====== RECORDS SHOWN ======

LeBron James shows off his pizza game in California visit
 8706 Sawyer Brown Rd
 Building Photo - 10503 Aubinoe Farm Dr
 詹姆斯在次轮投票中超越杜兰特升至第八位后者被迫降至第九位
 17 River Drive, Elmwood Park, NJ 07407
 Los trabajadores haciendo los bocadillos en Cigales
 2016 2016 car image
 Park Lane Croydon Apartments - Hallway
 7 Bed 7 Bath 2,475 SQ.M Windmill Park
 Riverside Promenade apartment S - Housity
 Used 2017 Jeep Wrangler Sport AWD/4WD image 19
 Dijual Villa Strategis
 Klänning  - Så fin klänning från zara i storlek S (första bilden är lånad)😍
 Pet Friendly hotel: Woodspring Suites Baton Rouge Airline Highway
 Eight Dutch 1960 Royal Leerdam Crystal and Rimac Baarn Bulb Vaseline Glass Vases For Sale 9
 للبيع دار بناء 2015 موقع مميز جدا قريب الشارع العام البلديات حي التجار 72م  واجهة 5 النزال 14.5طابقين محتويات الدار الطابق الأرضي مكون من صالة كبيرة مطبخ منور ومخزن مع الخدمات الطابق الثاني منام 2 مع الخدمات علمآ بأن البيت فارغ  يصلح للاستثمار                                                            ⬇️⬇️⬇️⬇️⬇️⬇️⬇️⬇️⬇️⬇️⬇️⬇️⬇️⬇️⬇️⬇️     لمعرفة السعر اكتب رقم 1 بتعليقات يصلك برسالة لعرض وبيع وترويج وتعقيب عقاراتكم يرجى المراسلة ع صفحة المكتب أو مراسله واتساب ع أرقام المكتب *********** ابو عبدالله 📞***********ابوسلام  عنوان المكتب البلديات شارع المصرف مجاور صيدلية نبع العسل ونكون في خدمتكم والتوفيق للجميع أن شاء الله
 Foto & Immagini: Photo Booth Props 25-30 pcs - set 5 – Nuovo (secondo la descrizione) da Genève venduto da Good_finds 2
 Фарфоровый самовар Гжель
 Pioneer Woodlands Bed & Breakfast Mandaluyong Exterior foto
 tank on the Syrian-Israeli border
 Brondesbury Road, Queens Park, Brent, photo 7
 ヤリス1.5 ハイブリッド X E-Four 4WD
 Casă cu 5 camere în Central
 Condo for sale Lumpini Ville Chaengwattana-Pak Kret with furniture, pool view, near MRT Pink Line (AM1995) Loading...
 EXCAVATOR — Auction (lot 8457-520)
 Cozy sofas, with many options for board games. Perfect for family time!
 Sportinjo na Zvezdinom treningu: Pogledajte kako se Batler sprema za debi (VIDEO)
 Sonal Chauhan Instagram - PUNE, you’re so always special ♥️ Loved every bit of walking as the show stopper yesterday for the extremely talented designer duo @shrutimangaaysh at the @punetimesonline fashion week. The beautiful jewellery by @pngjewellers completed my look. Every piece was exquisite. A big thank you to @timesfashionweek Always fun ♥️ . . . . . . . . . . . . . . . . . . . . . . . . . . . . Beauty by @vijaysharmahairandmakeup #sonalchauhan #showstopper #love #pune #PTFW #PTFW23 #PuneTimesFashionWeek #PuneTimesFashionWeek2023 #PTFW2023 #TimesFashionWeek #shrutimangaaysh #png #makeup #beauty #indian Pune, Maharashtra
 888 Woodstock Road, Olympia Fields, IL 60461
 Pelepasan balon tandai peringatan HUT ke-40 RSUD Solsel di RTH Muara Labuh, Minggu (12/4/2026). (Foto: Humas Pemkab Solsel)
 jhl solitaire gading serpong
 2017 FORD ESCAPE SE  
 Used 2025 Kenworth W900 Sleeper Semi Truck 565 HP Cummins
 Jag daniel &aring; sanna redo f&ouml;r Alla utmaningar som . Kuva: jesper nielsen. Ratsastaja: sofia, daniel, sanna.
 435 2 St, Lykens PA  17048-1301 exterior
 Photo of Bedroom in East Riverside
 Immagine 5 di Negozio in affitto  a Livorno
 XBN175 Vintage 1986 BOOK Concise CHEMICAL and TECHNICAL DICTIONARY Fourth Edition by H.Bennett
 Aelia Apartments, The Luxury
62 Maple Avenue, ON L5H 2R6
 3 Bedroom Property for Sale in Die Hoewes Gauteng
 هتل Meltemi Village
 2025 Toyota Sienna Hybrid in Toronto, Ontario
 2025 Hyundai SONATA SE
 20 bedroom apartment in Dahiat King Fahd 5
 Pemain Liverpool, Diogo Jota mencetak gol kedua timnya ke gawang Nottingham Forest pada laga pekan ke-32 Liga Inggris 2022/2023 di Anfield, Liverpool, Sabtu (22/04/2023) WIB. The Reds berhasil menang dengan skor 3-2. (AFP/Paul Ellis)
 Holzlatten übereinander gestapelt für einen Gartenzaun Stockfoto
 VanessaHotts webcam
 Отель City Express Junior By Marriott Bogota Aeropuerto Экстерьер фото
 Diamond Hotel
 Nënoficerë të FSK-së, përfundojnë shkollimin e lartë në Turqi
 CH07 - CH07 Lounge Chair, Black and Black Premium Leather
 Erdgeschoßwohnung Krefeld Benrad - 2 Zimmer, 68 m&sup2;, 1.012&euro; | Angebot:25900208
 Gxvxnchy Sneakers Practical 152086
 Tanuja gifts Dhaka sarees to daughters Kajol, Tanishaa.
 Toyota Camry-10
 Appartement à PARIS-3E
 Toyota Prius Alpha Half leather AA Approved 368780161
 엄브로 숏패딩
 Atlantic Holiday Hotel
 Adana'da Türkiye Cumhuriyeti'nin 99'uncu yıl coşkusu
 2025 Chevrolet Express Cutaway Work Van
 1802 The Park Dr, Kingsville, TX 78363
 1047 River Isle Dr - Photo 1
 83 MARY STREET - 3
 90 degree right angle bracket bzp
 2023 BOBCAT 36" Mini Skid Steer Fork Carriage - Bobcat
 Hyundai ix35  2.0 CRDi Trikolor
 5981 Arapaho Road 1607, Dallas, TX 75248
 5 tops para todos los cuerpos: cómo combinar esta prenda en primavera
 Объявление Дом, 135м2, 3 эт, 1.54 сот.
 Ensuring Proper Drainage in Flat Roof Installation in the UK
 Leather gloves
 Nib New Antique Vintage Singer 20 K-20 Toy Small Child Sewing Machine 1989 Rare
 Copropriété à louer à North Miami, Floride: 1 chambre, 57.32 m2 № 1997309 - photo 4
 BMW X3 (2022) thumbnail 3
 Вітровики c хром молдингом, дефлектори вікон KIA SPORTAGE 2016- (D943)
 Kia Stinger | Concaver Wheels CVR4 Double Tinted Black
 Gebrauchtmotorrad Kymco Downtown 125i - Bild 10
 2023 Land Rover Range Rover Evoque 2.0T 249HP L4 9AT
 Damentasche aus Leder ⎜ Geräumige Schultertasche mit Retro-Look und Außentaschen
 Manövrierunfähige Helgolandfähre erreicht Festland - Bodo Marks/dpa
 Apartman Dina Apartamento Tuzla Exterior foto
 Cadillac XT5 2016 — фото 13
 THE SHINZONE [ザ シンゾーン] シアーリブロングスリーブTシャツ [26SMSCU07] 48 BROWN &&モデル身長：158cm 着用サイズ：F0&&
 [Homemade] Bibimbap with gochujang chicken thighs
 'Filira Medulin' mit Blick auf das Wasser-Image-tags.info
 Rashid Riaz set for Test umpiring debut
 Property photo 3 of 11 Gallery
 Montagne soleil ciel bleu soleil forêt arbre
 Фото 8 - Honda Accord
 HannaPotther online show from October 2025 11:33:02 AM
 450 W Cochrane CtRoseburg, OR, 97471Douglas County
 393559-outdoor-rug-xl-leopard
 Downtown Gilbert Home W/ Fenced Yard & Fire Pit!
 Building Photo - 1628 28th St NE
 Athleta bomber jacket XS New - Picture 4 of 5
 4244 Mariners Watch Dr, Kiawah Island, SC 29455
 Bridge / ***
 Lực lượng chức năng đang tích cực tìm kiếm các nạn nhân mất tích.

======

YOUR TASK
Return, with no change at all, every line in the entries above from the line containing "Atlantic Holiday Hotel" through the line containing "[Homemade] Bibimbap with".

RESPONSE AREA
 Atlantic Holiday Hotel
 Adana'da Türkiye Cumhuriyeti'nin 99'uncu yıl coşkusu
 2025 Chevrolet Express Cutaway Work Van
 1802 The Park Dr, Kingsville, TX 78363
 1047 River Isle Dr - Photo 1
 83 MARY STREET - 3
 90 degree right angle bracket bzp
 2023 BOBCAT 36" Mini Skid Steer Fork Carriage - Bobcat
 Hyundai ix35  2.0 CRDi Trikolor
 5981 Arapaho Road 1607, Dallas, TX 75248
 5 tops para todos los cuerpos: cómo combinar esta prenda en primavera
 Объявление Дом, 135м2, 3 эт, 1.54 сот.
 Ensuring Proper Drainage in Flat Roof Installation in the UK
 Leather gloves
 Nib New Antique Vintage Singer 20 K-20 Toy Small Child Sewing Machine 1989 Rare
 Copropriété à louer à North Miami, Floride: 1 chambre, 57.32 m2 № 1997309 - photo 4
 BMW X3 (2022) thumbnail 3
 Вітровики c хром молдингом, дефлектори вікон KIA SPORTAGE 2016- (D943)
 Kia Stinger | Concaver Wheels CVR4 Double Tinted Black
 Gebrauchtmotorrad Kymco Downtown 125i - Bild 10
 2023 Land Rover Range Rover Evoque 2.0T 249HP L4 9AT
 Damentasche aus Leder ⎜ Geräumige Schultertasche mit Retro-Look und Außentaschen
 Manövrierunfähige Helgolandfähre erreicht Festland - Bodo Marks/dpa
 Apartman Dina Apartamento Tuzla Exterior foto
 Cadillac XT5 2016 — фото 13
 THE SHINZONE [ザ シンゾーン] シアーリブロングスリーブTシャツ [26SMSCU07] 48 BROWN &&モデル身長：158cm 着用サイズ：F0&&
 [Homemade] Bibimbap with gochujang chicken thighs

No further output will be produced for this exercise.